Here are few notes made by better bloggers on this issue.

First the Spy Blog which notes:
Charles Clarke claimed that somehow he would probably have been convicted in the "ricin plot" if he had been held for 90 days. Merguerba has been supposedly jailed for 10 years in Algeria. We use the word "supposedly" because no UK Police etc have been allowed to interview him by the military dictatorship.
However, Labour backbencher Chris Mullins pointed out that this man had been released without charge by the Police, not after 14 days, but after only 2 days
which shows that quite clearly the Police is not even using the 14 days that they already have, a measure also brought in by New Labour "last January 2004". Another of the claimed reasons for needing more time is that if the terrorist suspects are using strong encryption it will take time to break the cyphers. However they seem to have forgotten that they already put laws in place to deal with this way back in 2000. Perhaps due to the simple volume of new legislation they have forgotten the provisions of the RIP Act of 2000 that make it an offense, with a punishment of up to 2 years imprisonment, to have encrypted data on your hard disk and then not hand over the keys when asked any anyone of a, very large, list of possible snoopers. Reversing the burden of proof in the process since it is up to the accused to prove that they cannot. However like much New Labour legislation
the laws governing surveillance of the net [RIPA] were unenforceable because they had been so badly bungled.
So instead of correcting the abuses they have already perpetrated to actually get something out of them the new Labour approach is to use their own ineptitude as an excuse to attack a whole new area of civil liberties.
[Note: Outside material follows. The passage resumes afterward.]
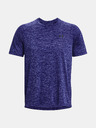 Under Armour Pánské tričko Under Armour UA Tech 2.0 SS Tee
So New Labour needs more time because of the threat of terrorism despite during the whole period of the IRA's violence, a period where bombings where a monthly occurrence as opposed to now, the limit was only 7 days. So the police need these powers despite there being much less terrorism around now, as Politicalog says quoting The Guardian:
Conventional wisdom - informed by a steady stream of political rhetoric - says that this is a response to the increasing risk posed by global terrorism since the attack on the twin towers. Indeed, the British government's recent leaflet advising citizens what to do in the event of an attack - together with a succession of warnings from the US government - imply the risk has reached unprecedented levels. And yet what is strikingly absent from both public discussion or news coverage is that there is little concrete evidence to support this view.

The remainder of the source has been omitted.